Here’s another leadership story.
I was evaluating a pobationary service. Towards the close of our work there the cuts were announced as a result of the 2010 Osborne austerity package. The service was hit with a 30% cut. And it turned out this was merely preparing the ground for the eventual privatisation of this and all other probationary services. How would the 30% cut be accommodated? The Head of the service, a prominent and innovative thinker nationally, called a one-day conference of all workers, from probation officers and their managers to cleaners and catering staff. A hall was prepared in ‘cafe style’, groups of 8 – 10 people on single tables. The Chief announced the situation and immediately invited the service Finance Officer to explain how the cuts were to fall, where the constraints lay and what might be the softening opportunities. Each table was then invited to think creatively about how the cuts might be best managed to protect the service, its people and the quality. The Chief was there, she said, to learn and be advised.

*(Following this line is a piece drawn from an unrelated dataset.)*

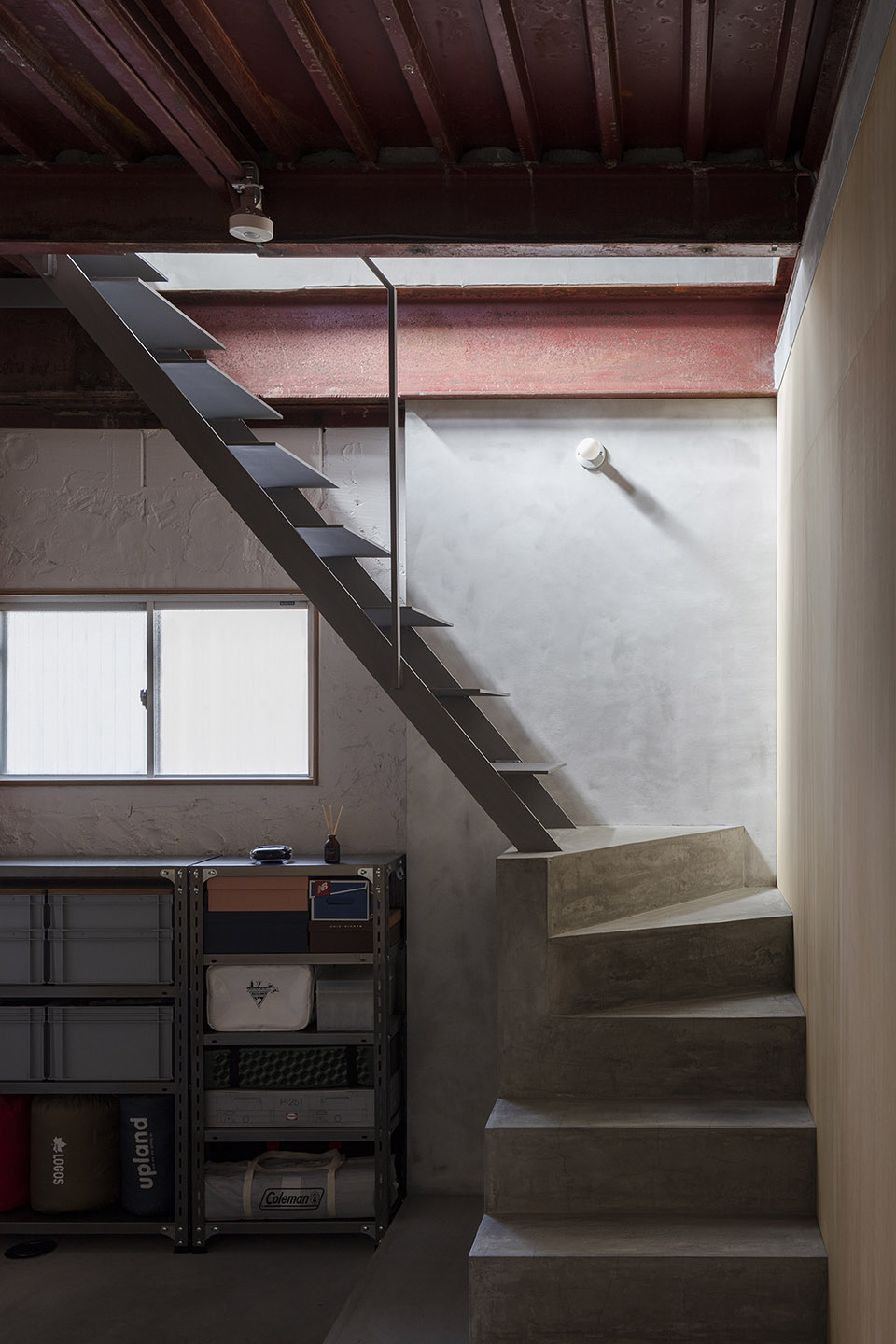 house-in-kohama-by-shimpei-oda-architect-office-and-atelier-loowe-inc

I left before the day was over and returned to my university. That day, as all days, was saturated with the gloom of persistent cuts, the anxiety of jobs on the line, and the looming infeasibility of maintaining the quality of what we did. A continual current of meetings were called to receive news of where and how the cuts would fall. No discussion. No appeal. No consideration of realities or preferences. Priorities were set centrally. We were an audience.
Two styles of leadership. I asked the Head of probation why she did this. “How else can I do it?” she said. “I don’t know how the organisation works.”